RANTER: Nay, faith, let's see the wars at an end first.
DARING: Nay, prithee, take me in the humour, while thy breeches are on--for I never liked thee half so well in petticoats.
RANTER: Lead on, General, you give me good encouragement to wear them.
--Act IV, Scene iii, Aphra Behn, The Widow Ranter; or, the History of Bacon in Virginia
Behn’s tragicomedy The Widow Ranter was her last play, and it was produced posthumously, in 1689. At the time, it was not a success on the stage. The dedicatory letter with which it was published in 1690 complains that “the Play had not that Success which it deserv’d, and was expected by her Friends; The main fault ought to lye on those who had the management of it. Had our Authour been alive she would have Committed it to the Flames rather than have suffer’d it to have been Acted with such Omissions as was made."

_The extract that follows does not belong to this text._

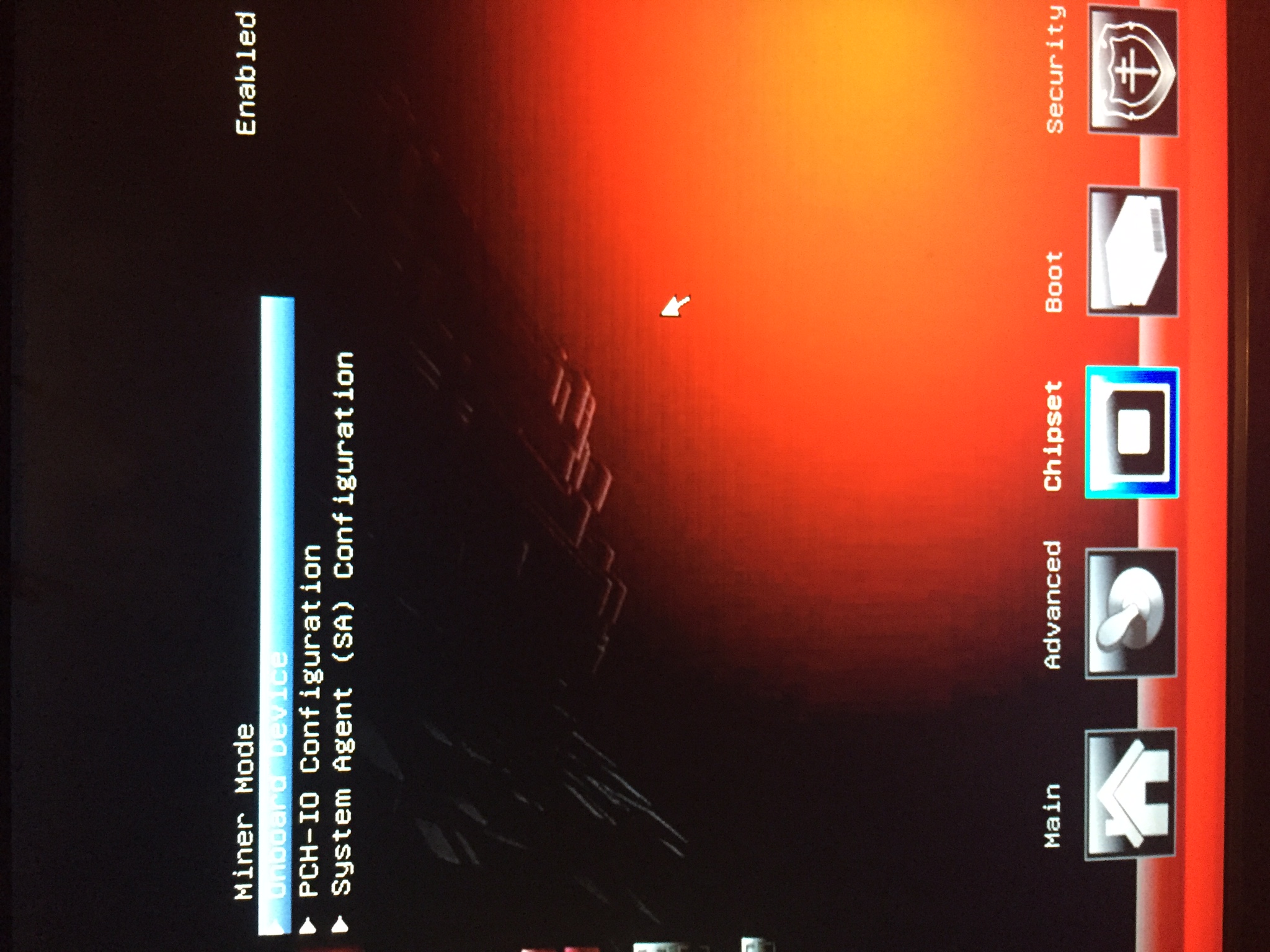 1st screen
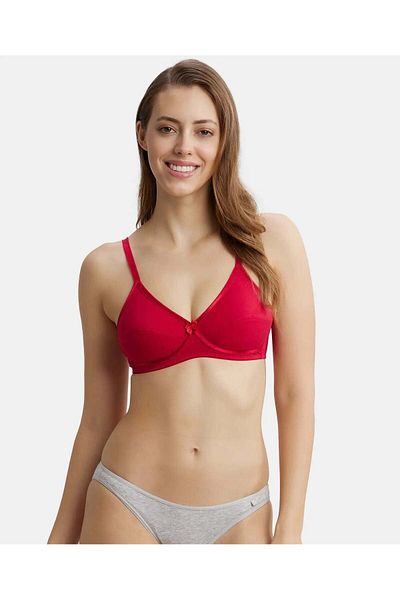 JOCKEY Essence Cross Over Bra X-Cite 1242-01 Red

Recent scholarship has suggested that the mis-production of the play, or even the fact that it hit the stage at the time of Williamite-Jacobite War in Ireland, does not completely account for its lack of success. Adam Beach suggests instead that it is Behn’s overly positive portrayal of the New World and the colonies, rather than the standard negative view of them at the time, that doomed the play. We might attribute, however, still other reasons for the play’s failure in the theater: its confusing plot, its romanticization of monarchical authority, its mis-representation of the real history of Nathaniel Bacon in Virginia, or even its somewhat misleading title, as the Widow Ranter gets very little stage time. This last fact is quite a shame, actually, as the Widow is a fascinating character: a smoker and heavy drinker who curses, fights and, as the quote above indicates, cross-dresses during the course of the play.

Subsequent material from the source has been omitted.